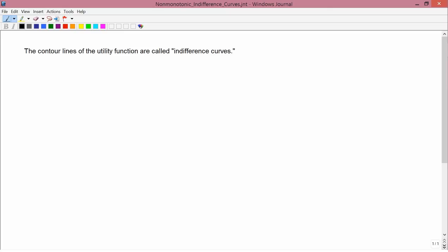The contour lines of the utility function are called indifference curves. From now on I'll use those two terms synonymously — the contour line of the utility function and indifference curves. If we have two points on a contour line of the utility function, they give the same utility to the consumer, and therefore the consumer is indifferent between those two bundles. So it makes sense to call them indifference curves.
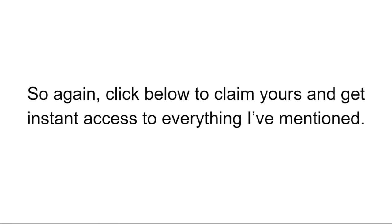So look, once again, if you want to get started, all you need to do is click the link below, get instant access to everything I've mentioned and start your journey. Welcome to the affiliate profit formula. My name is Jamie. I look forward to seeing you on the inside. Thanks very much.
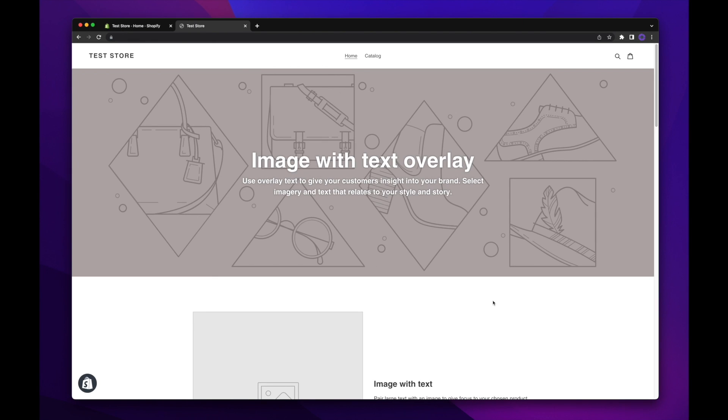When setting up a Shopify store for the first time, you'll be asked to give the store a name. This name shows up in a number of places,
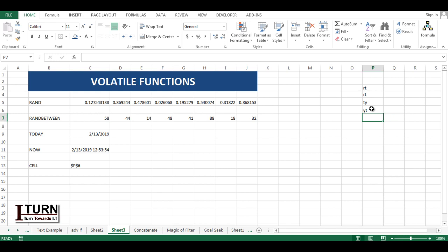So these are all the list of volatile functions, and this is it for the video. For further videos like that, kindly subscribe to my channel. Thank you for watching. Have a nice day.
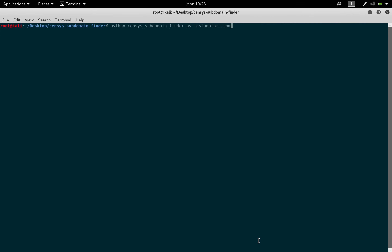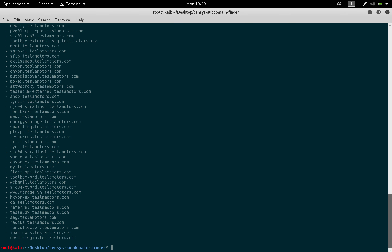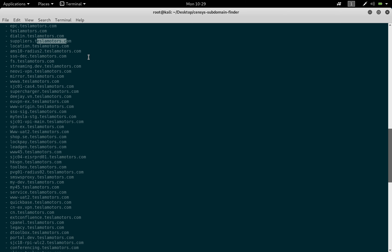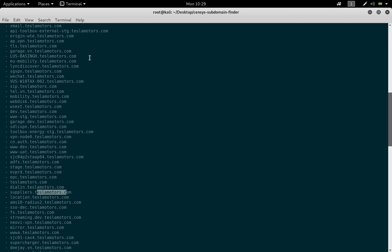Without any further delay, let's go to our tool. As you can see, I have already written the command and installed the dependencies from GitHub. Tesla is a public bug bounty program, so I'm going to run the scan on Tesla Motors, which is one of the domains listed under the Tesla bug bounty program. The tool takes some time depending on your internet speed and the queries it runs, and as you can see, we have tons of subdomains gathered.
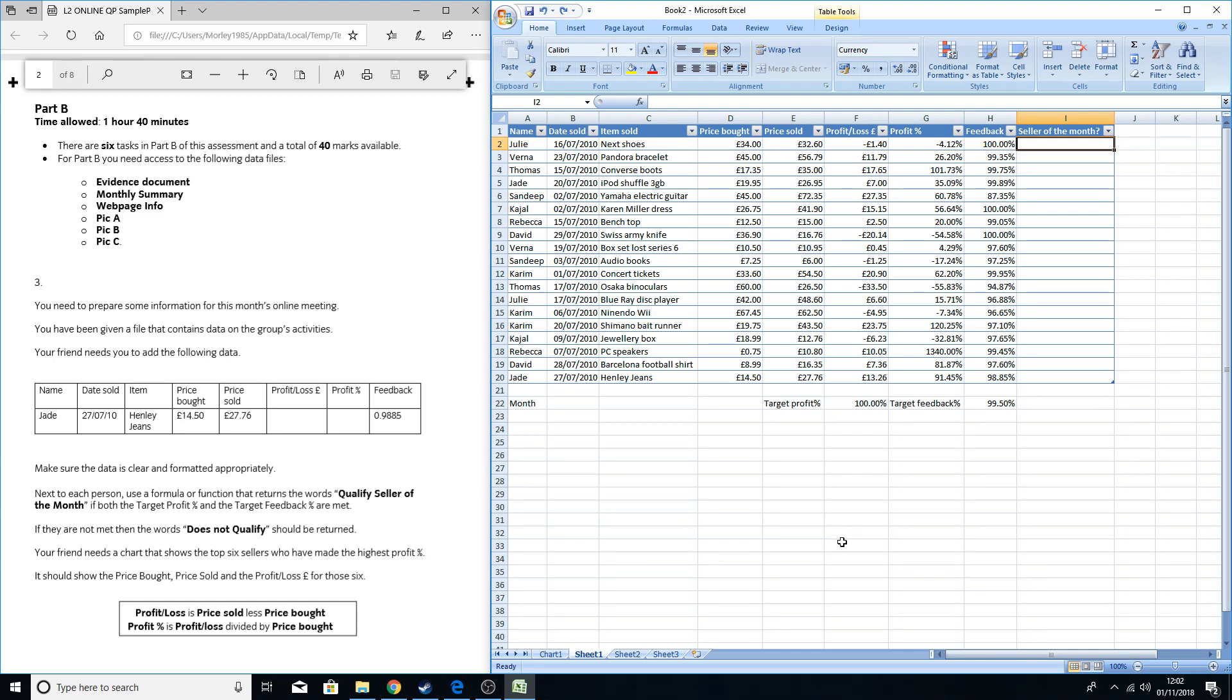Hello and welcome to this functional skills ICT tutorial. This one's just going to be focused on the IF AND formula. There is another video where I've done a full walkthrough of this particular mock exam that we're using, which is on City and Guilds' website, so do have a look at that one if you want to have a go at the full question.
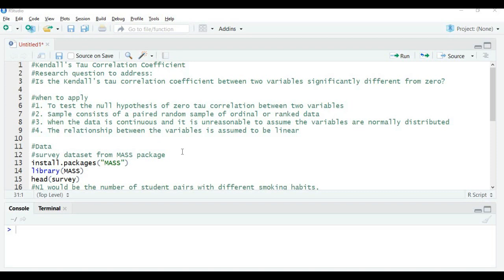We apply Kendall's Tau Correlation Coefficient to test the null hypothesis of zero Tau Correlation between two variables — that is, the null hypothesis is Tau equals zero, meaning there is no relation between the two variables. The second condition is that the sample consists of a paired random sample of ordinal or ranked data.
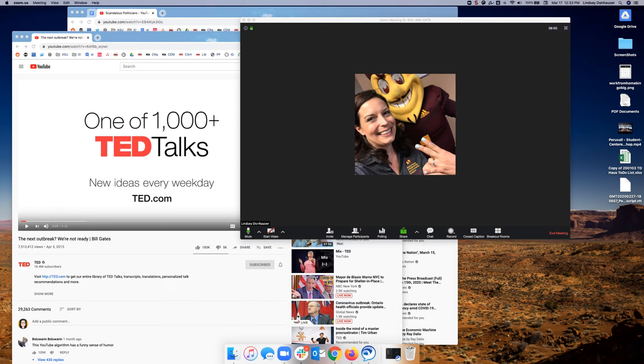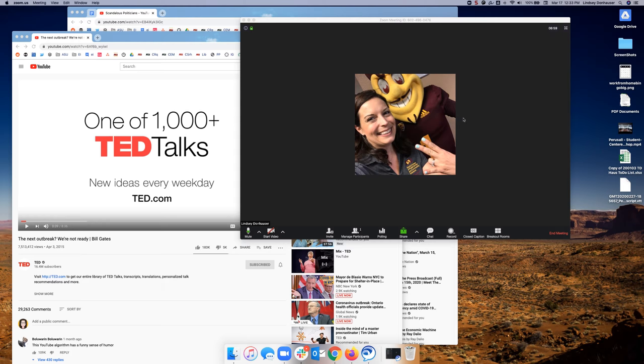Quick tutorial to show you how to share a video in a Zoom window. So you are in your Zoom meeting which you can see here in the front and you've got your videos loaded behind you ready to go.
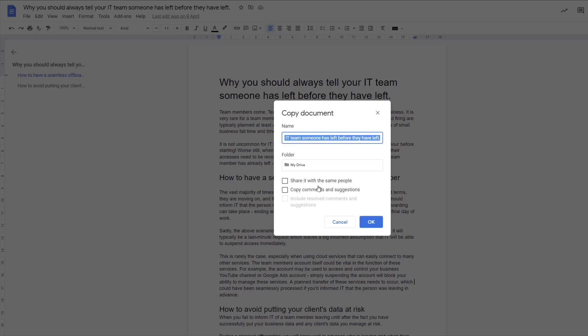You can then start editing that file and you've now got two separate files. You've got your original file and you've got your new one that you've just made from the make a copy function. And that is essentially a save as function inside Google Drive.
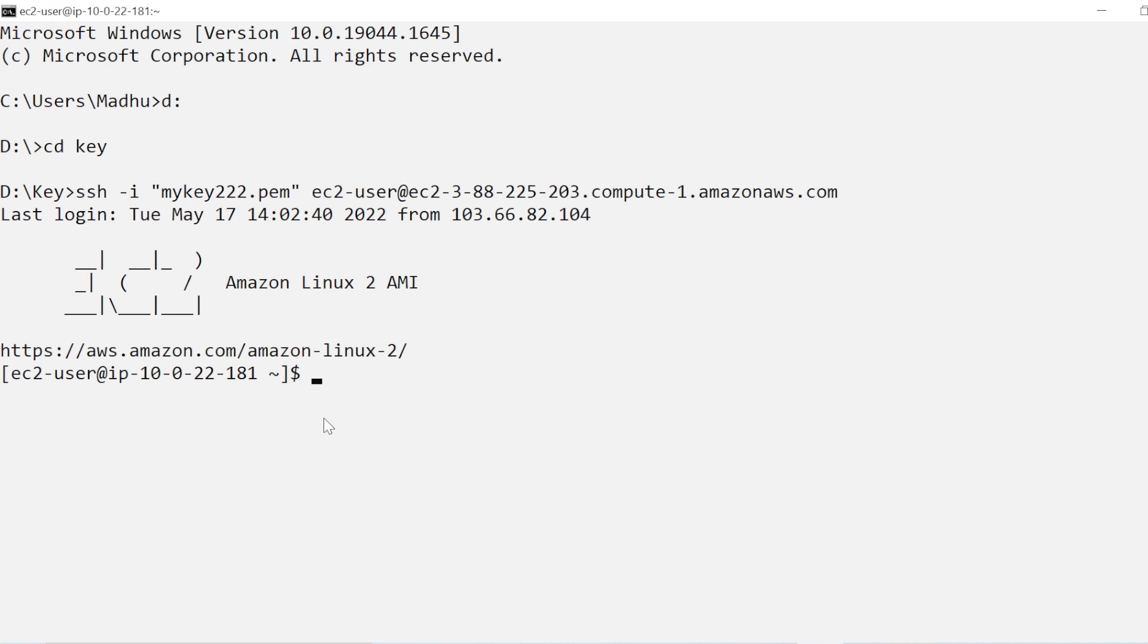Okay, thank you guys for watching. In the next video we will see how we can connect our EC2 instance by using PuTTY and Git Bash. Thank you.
══════════
- **WHAT YOU WILL DO**:
Print each line of the listing, starting at its first and ending with the line that holds "Hello and welcome", but skip any pictures.

- **RESPONSE BOX**:
The contour lines of the utility function are called indifference curves. From now on I'll use those two terms synonymously — the contour line of the utility function and indifference curves. If we have two points on a contour line of the utility function, they give the same utility to the consumer, and therefore the consumer is indifferent between those two bundles. So it makes sense to call them indifference curves.
So look, once again, if you want to get started, all you need to do is click the link below, get instant access to everything I've mentioned and start your journey. Welcome to the affiliate profit formula. My name is Jamie. I look forward to seeing you on the inside. Thanks very much.
When setting up a Shopify store for the first time, you'll be asked to give the store a name. This name shows up in a number of places,
So these are all the list of volatile functions, and this is it for the video. For further videos like that, kindly subscribe to my channel. Thank you for watching. Have a nice day.
Without any further delay, let's go to our tool. As you can see, I have already written the command and installed the dependencies from GitHub. Tesla is a public bug bounty program, so I'm going to run the scan on Tesla Motors, which is one of the domains listed under the Tesla bug bounty program. The tool takes some time depending on your internet speed and the queries it runs, and as you can see, we have tons of subdomains gathered.
Hello and welcome to this functional skills ICT tutorial. This one's just going to be focused on the IF AND formula. There is another video where I've done a full walkthrough of this particular mock exam that we're using, which is on City and Guilds' website, so do have a look at that one if you want to have a go at the full question.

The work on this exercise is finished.